I appreciate that Juggler, but if we look at the first link, it says:
“Their study showed that the culprit in milk is a group of proteins called
caseins, which they found interacted with the tea to decrease the concentration
of catechins in the beverage. Catechins are the flavonoids in tea that mainly
contribute to its protection against cardiovascular disease”.
But if you click on the first web link at the foot of your second reference
(which is about green tea) it states
"Tea contains vitamins A, C, and E as well as health-promoting compounds called
Flavonoids. The flavonoids, called polyphenols, act as antioxidants that counter
the effects of reactive oxygen molecules that result from normal body functions
and contribute to aging and chronic disease.

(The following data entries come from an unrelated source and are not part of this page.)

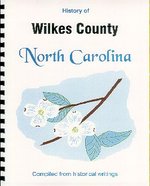 History of Wilkes County North Carolina / Historical Sketches of North Carolina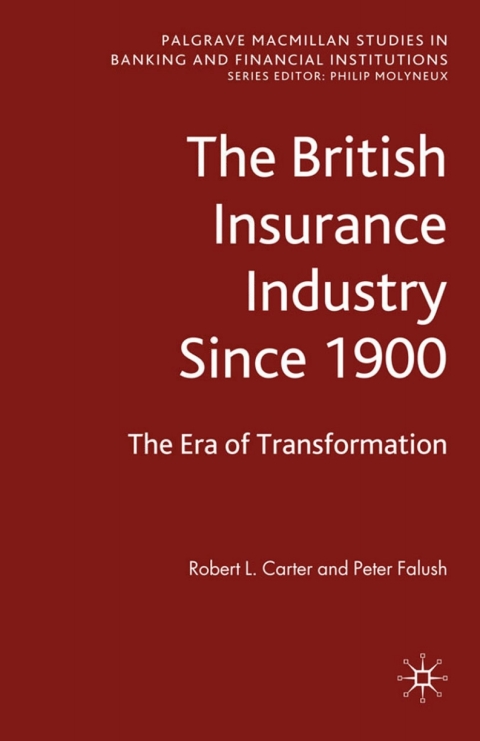 Cover image for book The British Insurance Industry Since 1900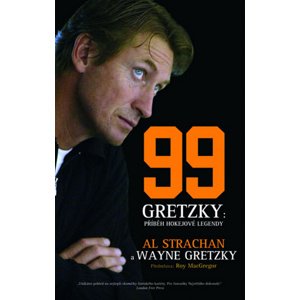 99 Gretzky: Příběh hokejové legendy -  Wayne Gretzky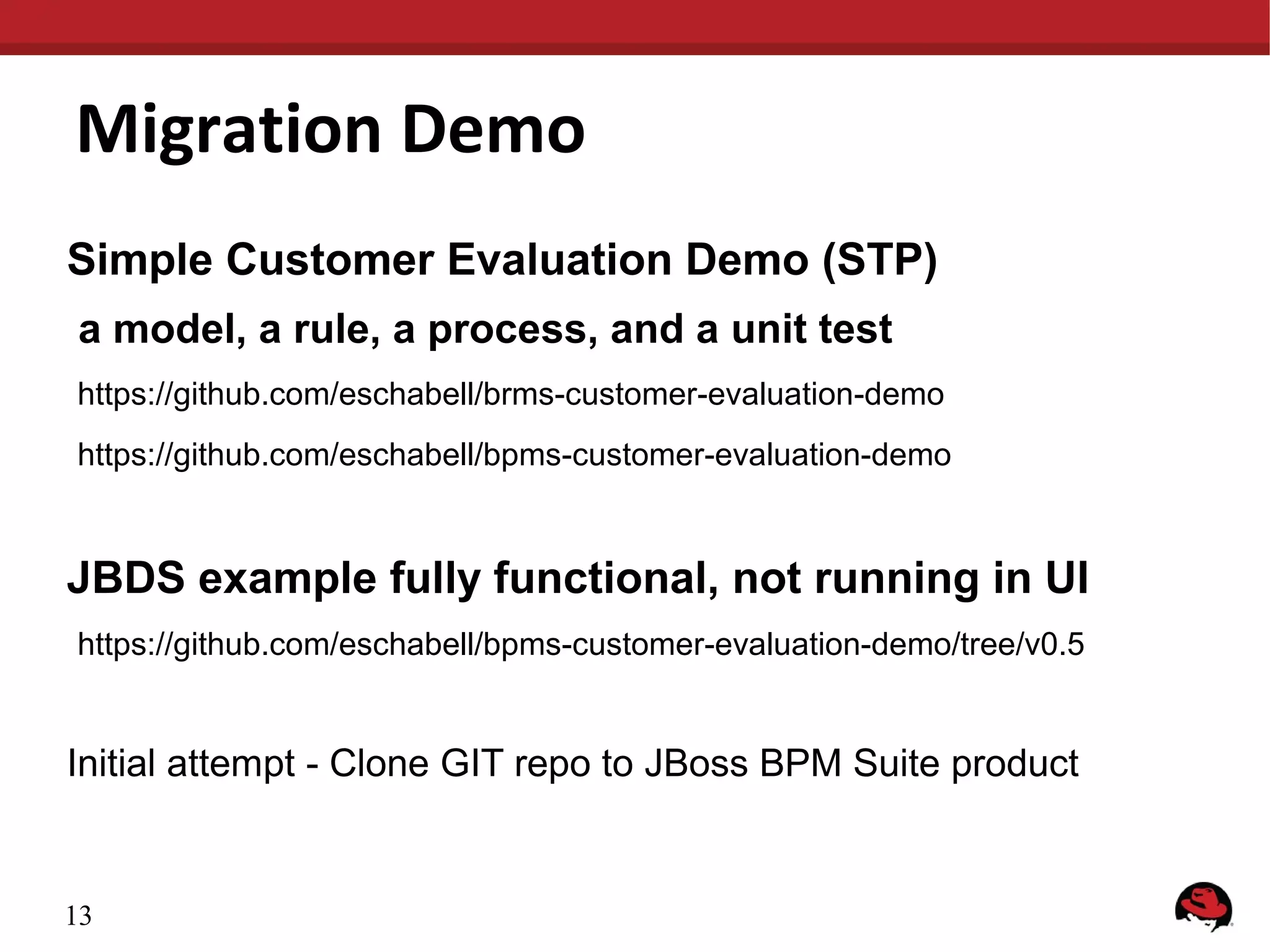 Migration Demo
Simple Customer Evaluation Demo (STP)
a model, a rule, a process, and a unit test
https://github.com/eschabell/brms-customer-evaluation-demo
https://github.com/eschabell/bpms-customer-evaluation-demo
JBDS example fully functional, not running in UI
https://github.com/eschabell/bpms-customer-evaluation-demo/tree/v0.5
Initial attempt - Clone GIT repo to JBoss BPM Suite product
13
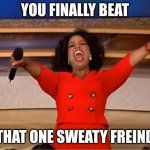Oprah You Get A Meme | YOU FINALLY BEAT; THAT ONE SWEATY FREIND | image tagged in memes | made w/ Imgflip meme maker
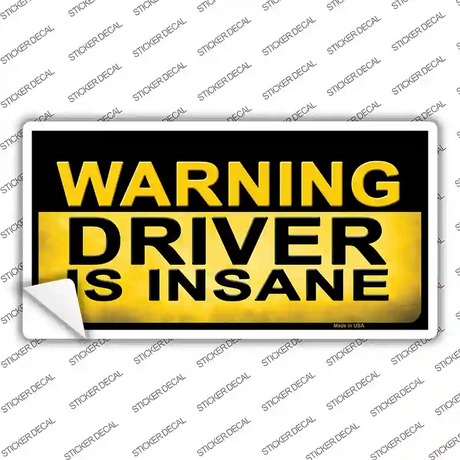Warning Driver Insane Novelty Sticker Decal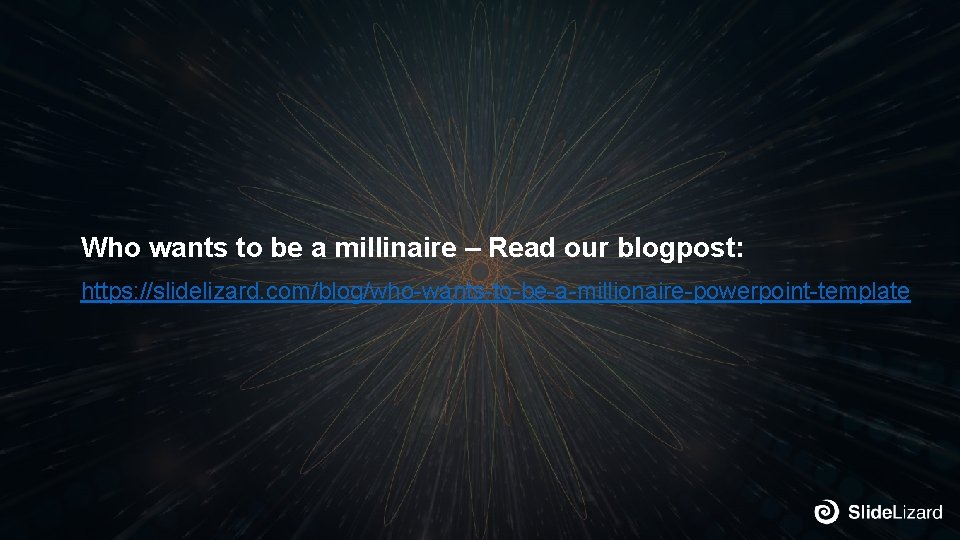 Who wants to be a millinaire – Read our blogpost: https: //slidelizard. com/blog/who-wants-to-be-a-millionaire-powerpoint-template 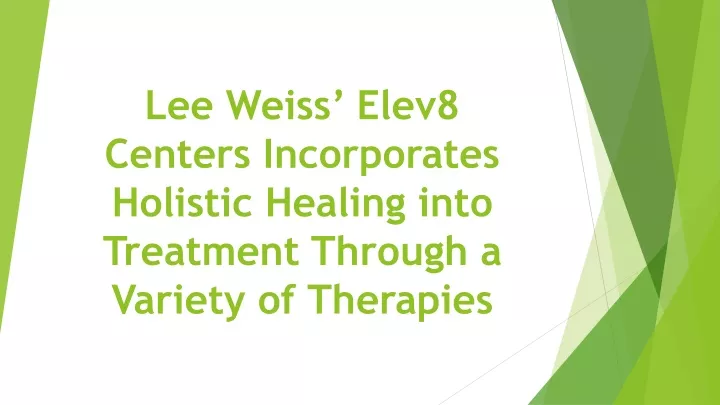 lee weiss elev8 centers incorporates holistic healing into treatment through a variety of therapies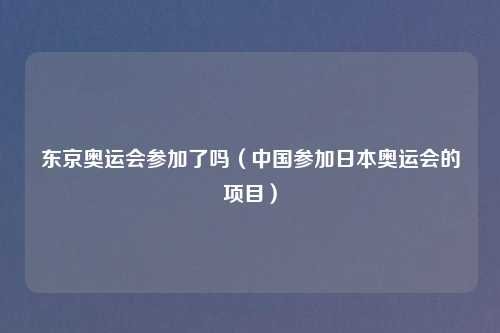 东京奥运会参加了吗（中国参加日本奥运会的项目）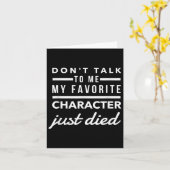 Don't Talk To Me My Favorite Character Just Died H Kaart (Gele Bloem)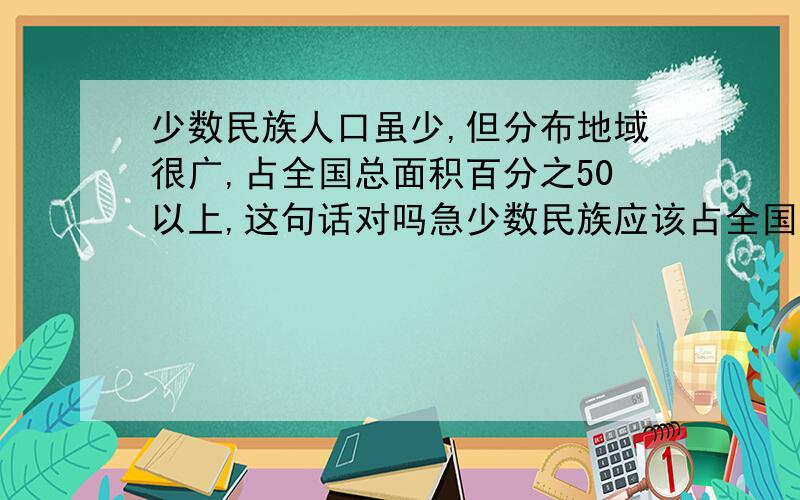 少数民族人口虽少,但分布地域很广,占全国总面积百分之50以上,这句话对吗急少数民族应该占全国总面积的多少 要准确的!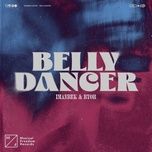Nghe và tải nhạc hot Belly Dancer trực tuyến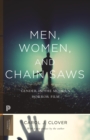 Image for Men, Women, and Chain Saws: Gender in the Modern Horror Film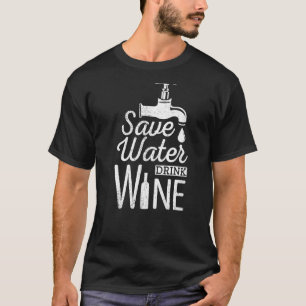 Save Water Drink Wine  Drinking Alcohol Booze T-Shirt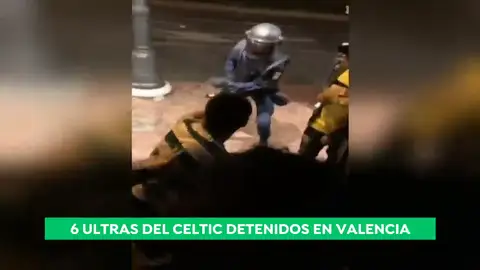 Seis aficionados del Celtic detenidos en Valencia tras agredir a varios agentes Seis aficionados del Celtic detenidos en Valencia tras agredir a varios agentes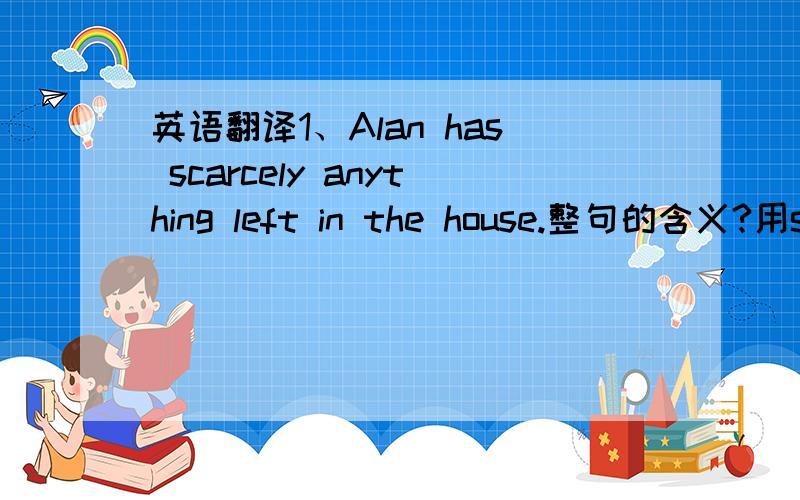 英语翻译1、Alan has scarcely anything left in the house.整句的含义?用so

One subgroup of polyphenols, called catechins, is abundant in green tea (China
Green Tea - Japan Green Tea), especially tea made from the very top of the bush.
Catechins were discovered in the 1970s, when medical researchers were looking
for the reason people in Japan’s Shizuoka Prefecture - a major tea-growing area
- had much lower rates of cancer than other Japanese, even when they were very
heay smokers. One catechin in particular, epigallocatechin gallate (EGCg), is
found in no other plant than tea, and it’s one of the most potent antioxidants
yet discovered - up to twenty times stronger than Vitamin E. Numerous studies
have found EGCg to be effective in preventing and inhibiting cancer growth."
It would therefore appear that if you add milk ie casein to green tea you will
also reduce the catechins in the green tea which are one of its main
antioxidant ingredients. Therefore, for maximum benefit, drink black or green
tea without milk (but you can add honey)!
So the textbook antioxidants aren’t affected by the milk, but the catechins, (which act as antioxidants, and appear to be one of the reasons tea is good for you) are.
Anyone disagree or have anything further?